Problem requirements:
Write down exactly the lines from the one below that has "Mano della donna" to the end of the data, both ends included; the pictures should not appear in your copy.

[[ Provided entries open ]]

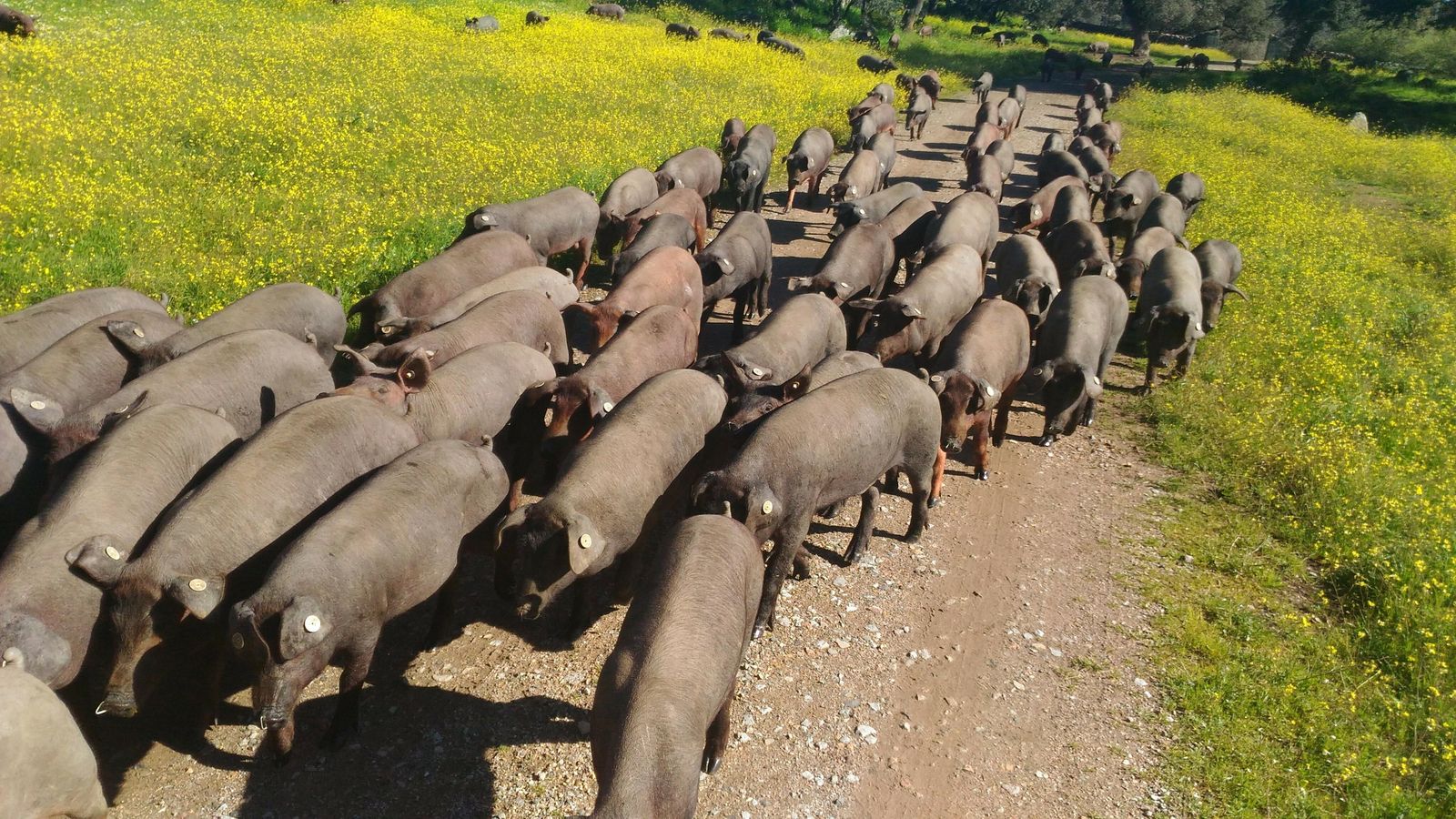 No es raro que los cerdos acompañen al caminante en más de una ocasión.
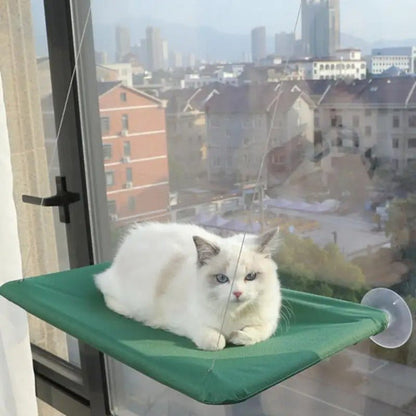 chat couché dessus hamac vert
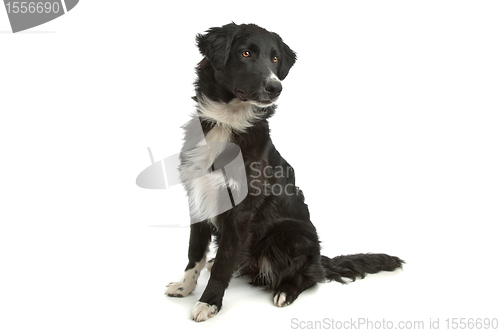 Image of border collie sheepdog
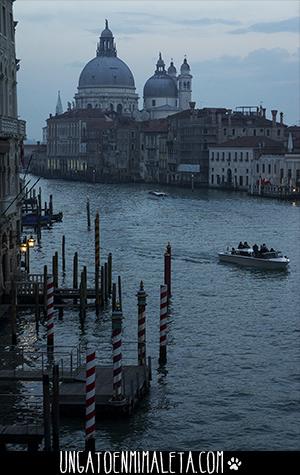 Ruta por Venecia para no perderse nada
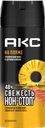 Дезодорант-спрей мужской AKC На пляже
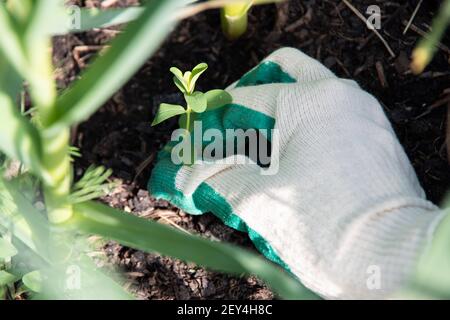 Mano della donna in un guanto da giardino bianco che tira le erbacce. Giardinaggio, concetto di controllo delle erbacce. Foto Stock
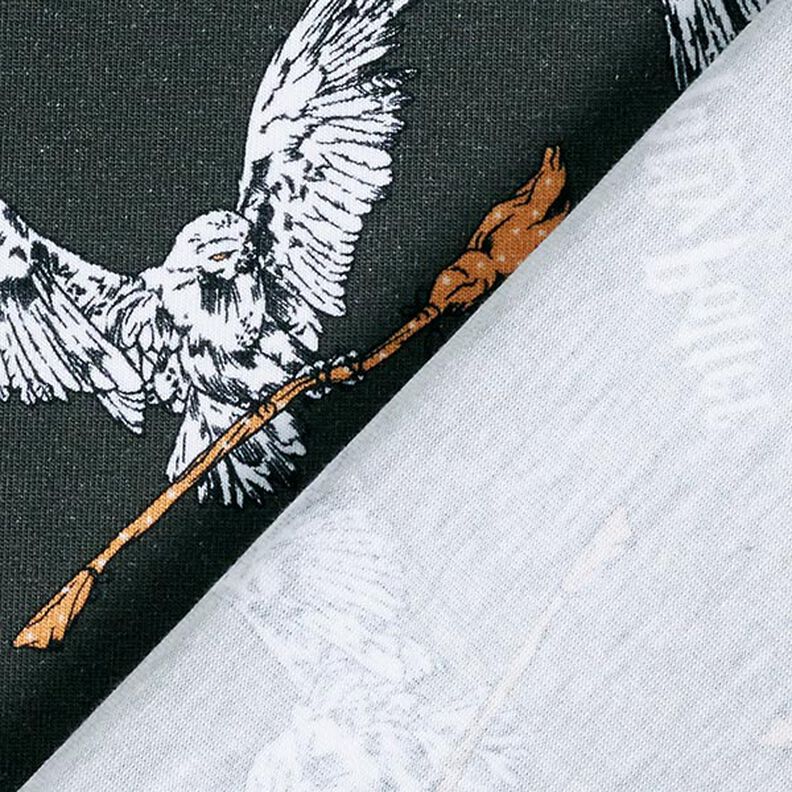 Tela de jersey de algodón Telas con licencia Harry Potter, Hedwig con escoba | Warner Bros. – gris,  image number 4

[[ Provided entries closed ]]

Solution to this problem:
 Mano della donna in un guanto da giardino bianco che tira le erbacce. Giardinaggio, concetto di controllo delle erbacce. Foto Stock
 Tela de jersey de algodón Telas con licencia Harry Potter, Hedwig con escoba | Warner Bros. – gris,  image number 4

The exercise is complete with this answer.